What is important in regards to a rented flat?
The first step is to determine whether the rented flat in question is also the marital home. Only then does the rented property enjoy the special status mentioned above. If it is the holiday cottage or the allotment garden, which is only used at weekends, there are no special rules. As already mentioned, the marital home is regularly the “home” in which the spouses lived together until the divorce or separation.
- Amicable divorce?
Most marriages in Austria are divorced by mutual consent (after sometimes lengthy negotiations). In the context of a divorce by mutual consent, the spouses must agree on the essential consequences of the divorce. This also includes the property claims in relation to each other. If there is such a rented flat, the spouses must agree on the further fate of the matrimonial home.
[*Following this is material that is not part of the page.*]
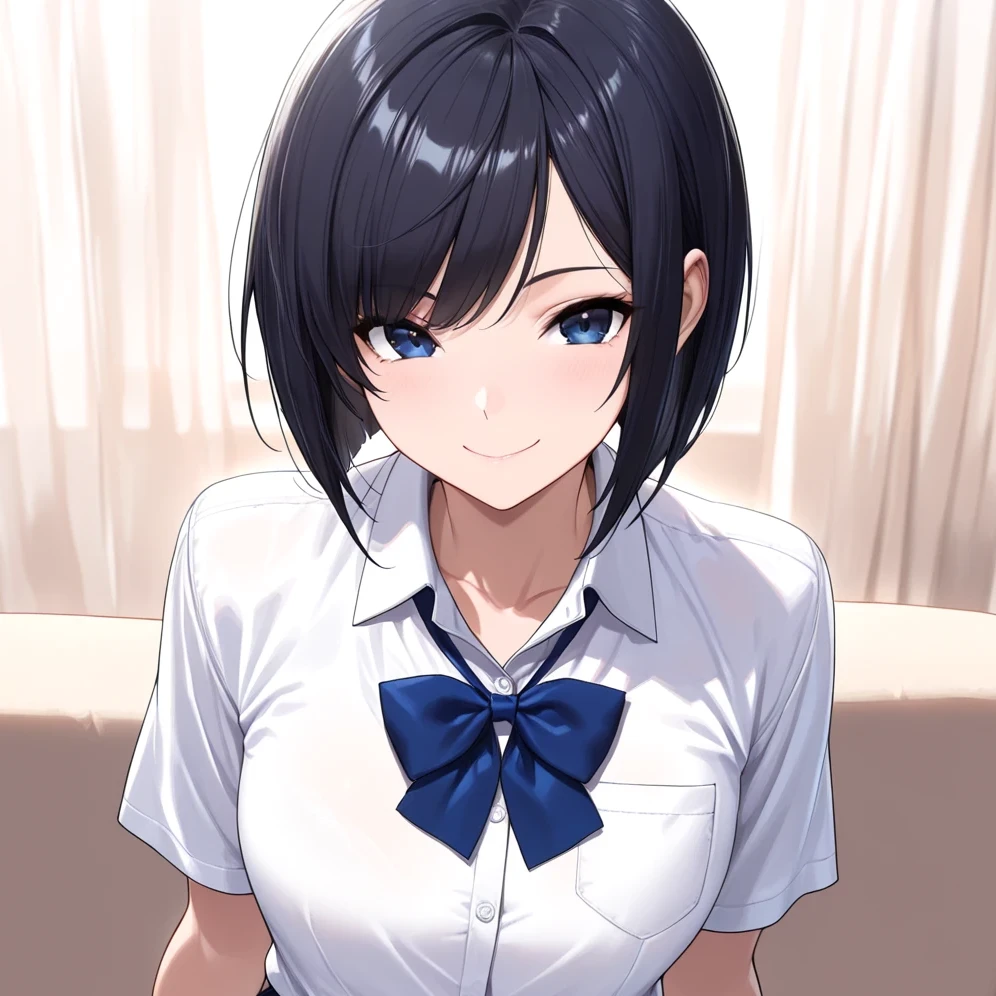 由美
If the rented flat is not subject to the full scope of application of the Tenancy Act (MRG), an agreement in the context of a divorce is generally only binding on the spouses, but not automatically on the landlord or landlady in a first step. Therefore, it makes sense to also obtain the consent of the landlord or landlady. If both were tenants up to now, one person could withdraw from the contract and the other remaining spouse could rent the flat alone in the future. It would also be conceivable to change the contractual partner if only one spouse had been a tenant. In the event that the rented flat is subject to the full application of the MRG, it may also be possible for the part leaving the flat to transfer his or her position in the sense of a takeover of the contract.
- Disputed divorce?
If an amicable divorce is unsuccessful and a contested divorce occurs, or after the contested divorce the division proceedings take place, courts must decide on the marital home/rented flat and who may “keep” it. For example, the competent court may order a change of tenant and decide that one spouse will now continue to rent the flat instead of the other person. It is also possible for the court to order that the flat, which was previously rented jointly, will only be rented by one person in the future. The court decision can therefore change the person of the contracting party or delete a tenant from the tenancy agreement. In doing so, the court is not bound by other provisions of the contract or even by the landlord’s or landlady’s consent. However, it is not possible for the court to change the contract itself or to grant the spouse remaining in the flat a better right than previously existed under the contract.
What does the court include in its decision?
In principle, the aim of postmarital property division is to share the fruits of joint family economic activity and to create justice. As a rule, the marital home is to be left to the person who is more dependent on it. Where the joint children stay or live must also be taken into account, but also who has contributed how much.